A group of students and teachers will present her project to students in every grade. To make sure there is consistency in the discussions that classrooms have, “I have a set list of questions, which will be different for underclassmen and upperclassmen,” she said.

Teachers in each class will take notes on what students have to say. Afterwards, Lindsay said, “I’ll be compiling the information and note trends on what students have said, and then will insert my own opinion. There might be a follow-up homeroom at the end of the year to see if anyone thinks things have changed.”

Lindsay developed the idea for her project around the time of Homecoming, which influenced her decision to choose this issue. “I was thinking about whether the spirit days helped school unity or added competition between the grades,” she said.

Lindsay’s inspiration for her project also came from past experiences at the high school. “I know that underclassmen who don’t have older siblings may be intimidated by upperclassmen,” she said. “I want to know if underclassmen think that seniors set a good example and if upperclassmen think they set a good example [for the underclassmen].”

Assistant Principal Ari Rothman explained how Lindsay’s project will benefit the student body. “Her project will at least start a discussion on how upperclassmen treat underclassmen,” he said. “That in itself is an accomplishment.”

School administrators will also use the issues that students bring up in their discussion to help think of ways to promote more school unity. “All the adults in this school are always thinking of ways to build community,” Mr. Rothman said.“When she first came to me with this idea, I said ‘fantastic.’ Anything her project accomplishes in keeping the discussion about school unity alive benefits everybody.”

Mr. Rothman hopes Lindsay’s project will gather information that links the school’s social community with academics.“We spend so much time in education concentrating on scores and accomplishments,” Mr. Rothman said, “that we sometimes lose sight of the fact that when kids come into a place where they feel comfortable, it automatically increases learning.”

7 thoughts on “Civics project: spirit week brings unity or competition?

  1. Lindsay,

    The Civics class, the school and I look forward to the results this project may produce. You are a person of action and few words. When a person is able to move a civics project this far along in one semester it says a lot about them – congratulations! Democracy is not a spectator sport; it is possible that because of you New Canaan High School will be even better!

    Mr. F

  2. u make it sound like competition is a bad thing, in the real world, its always going to be right in front of ur face whther u like it or not, why not have high school be the firsthand experience and dont do this it may ruin spirit week, its the only thing that many of us enjoy about school

  3. this is ridiculous, this is just a fairy tail survey that will only make people angry and not improve school life at all. It will instead make everyone more bored then they already are and hate school, resenting the idea of doin work even more. The fact that this calls for an entire homeroom class over one civics project promotes favoritism and stupidity.

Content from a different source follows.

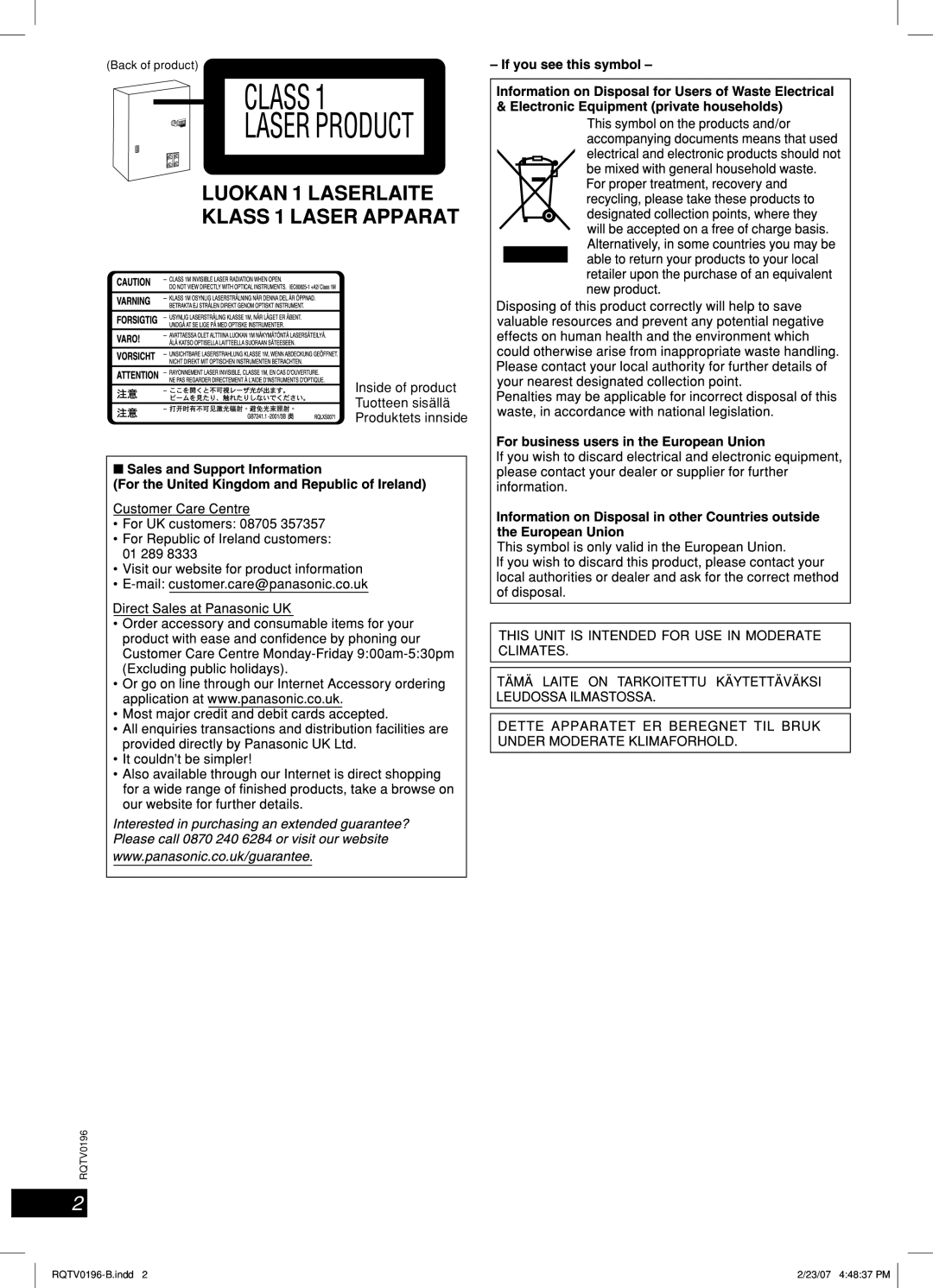 Panasonic SC-AK250, SC-AK350 operating instructions Inside of product, Tuotteen sisällä, Produktets innside 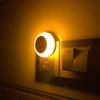 LED Night Lamp Super Bright Auto On/Off Energy Saving Plug And Play Flicker Free Illumination ABS Light Sensor Control Round LED Lamp Home Supplies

  4. You call showing school spirit and having fun a competition? I call that ignorance… spirit week is the least competition involved in school. Howabout getting into college? class rank? even simply who acheives the best test grade??? life is a competition you cant avoid it

  5. guys guys, these comments are not poppin in the least , things change and yes there is a lot of competiton in the real world, and yes this homeroom is for one project. but its more than that. Homecoming is the most poppin time of year where freshman-senior come to together to kick another schools teams butt in football. WE aren’t competing for jobs . While I do agree that there is little competiton in spirit week, (in fact I would go as far to say there isn’t enough poppin spirt in poppin spirt week ) competion=more spirit.

    that’s whats poppin
    thats whats poppin
    read whats poppin

  6. I believe, that this project will change many peoples attitudes about relations between upperclassmen and lowerclassmen. I myself do not have older siblings in the high school and i am a freshmen, however, i have friends that do have sibling whom I have been exposed to frequently. I will admit that if I didn’t know any upperclassmen before joining the high school things would’ve been a lot more frightening. I hope this helps and I hope this project helps get you into a choice college.